• Your task: Repeat exactly the lines from the first line of the records through the line containing "Downy Woodpecker (Picoides", and nothing more.

━━━━━ Data extract

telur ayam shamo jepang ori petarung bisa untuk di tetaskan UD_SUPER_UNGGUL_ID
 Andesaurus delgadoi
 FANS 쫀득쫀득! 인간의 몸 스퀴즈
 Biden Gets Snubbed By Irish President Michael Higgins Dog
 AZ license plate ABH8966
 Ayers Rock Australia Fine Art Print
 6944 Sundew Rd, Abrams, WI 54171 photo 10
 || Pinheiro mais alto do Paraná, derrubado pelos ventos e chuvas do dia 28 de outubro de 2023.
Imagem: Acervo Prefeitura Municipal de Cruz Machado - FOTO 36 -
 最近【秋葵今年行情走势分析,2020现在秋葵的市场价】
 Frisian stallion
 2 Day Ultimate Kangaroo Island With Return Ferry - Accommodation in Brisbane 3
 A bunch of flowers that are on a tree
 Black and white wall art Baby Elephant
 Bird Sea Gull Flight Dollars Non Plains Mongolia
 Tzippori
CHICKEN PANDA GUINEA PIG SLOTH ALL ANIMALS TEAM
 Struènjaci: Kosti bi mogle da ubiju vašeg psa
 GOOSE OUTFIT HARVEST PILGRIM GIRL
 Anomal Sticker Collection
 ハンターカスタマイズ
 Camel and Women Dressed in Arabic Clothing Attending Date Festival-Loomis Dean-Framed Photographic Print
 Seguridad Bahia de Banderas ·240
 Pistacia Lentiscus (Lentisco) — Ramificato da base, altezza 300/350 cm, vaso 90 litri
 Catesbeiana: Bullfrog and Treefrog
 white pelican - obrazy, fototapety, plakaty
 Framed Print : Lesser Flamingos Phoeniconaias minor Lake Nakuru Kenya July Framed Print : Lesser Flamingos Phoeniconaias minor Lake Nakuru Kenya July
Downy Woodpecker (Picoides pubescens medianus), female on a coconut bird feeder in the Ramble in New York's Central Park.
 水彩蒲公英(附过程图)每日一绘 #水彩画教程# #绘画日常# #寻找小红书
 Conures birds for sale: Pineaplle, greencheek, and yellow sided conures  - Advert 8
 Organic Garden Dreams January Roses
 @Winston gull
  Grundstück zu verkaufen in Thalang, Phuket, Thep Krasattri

━━━━━━━━━━

• Solved problem:
telur ayam shamo jepang ori petarung bisa untuk di tetaskan UD_SUPER_UNGGUL_ID
 Andesaurus delgadoi
 FANS 쫀득쫀득! 인간의 몸 스퀴즈
 Biden Gets Snubbed By Irish President Michael Higgins Dog
 AZ license plate ABH8966
 Ayers Rock Australia Fine Art Print
 6944 Sundew Rd, Abrams, WI 54171 photo 10
 || Pinheiro mais alto do Paraná, derrubado pelos ventos e chuvas do dia 28 de outubro de 2023.
Imagem: Acervo Prefeitura Municipal de Cruz Machado - FOTO 36 -
 最近【秋葵今年行情走势分析,2020现在秋葵的市场价】
 Frisian stallion
 2 Day Ultimate Kangaroo Island With Return Ferry - Accommodation in Brisbane 3
 A bunch of flowers that are on a tree
 Black and white wall art Baby Elephant
 Bird Sea Gull Flight Dollars Non Plains Mongolia
 Tzippori
CHICKEN PANDA GUINEA PIG SLOTH ALL ANIMALS TEAM
 Struènjaci: Kosti bi mogle da ubiju vašeg psa
 GOOSE OUTFIT HARVEST PILGRIM GIRL
 Anomal Sticker Collection
 ハンターカスタマイズ
 Camel and Women Dressed in Arabic Clothing Attending Date Festival-Loomis Dean-Framed Photographic Print
 Seguridad Bahia de Banderas ·240
 Pistacia Lentiscus (Lentisco) — Ramificato da base, altezza 300/350 cm, vaso 90 litri
 Catesbeiana: Bullfrog and Treefrog
 white pelican - obrazy, fototapety, plakaty
 Framed Print : Lesser Flamingos Phoeniconaias minor Lake Nakuru Kenya July Framed Print : Lesser Flamingos Phoeniconaias minor Lake Nakuru Kenya July
Downy Woodpecker (Picoides pubescens medianus), female on a coconut bird feeder in the Ramble in New York's Central Park.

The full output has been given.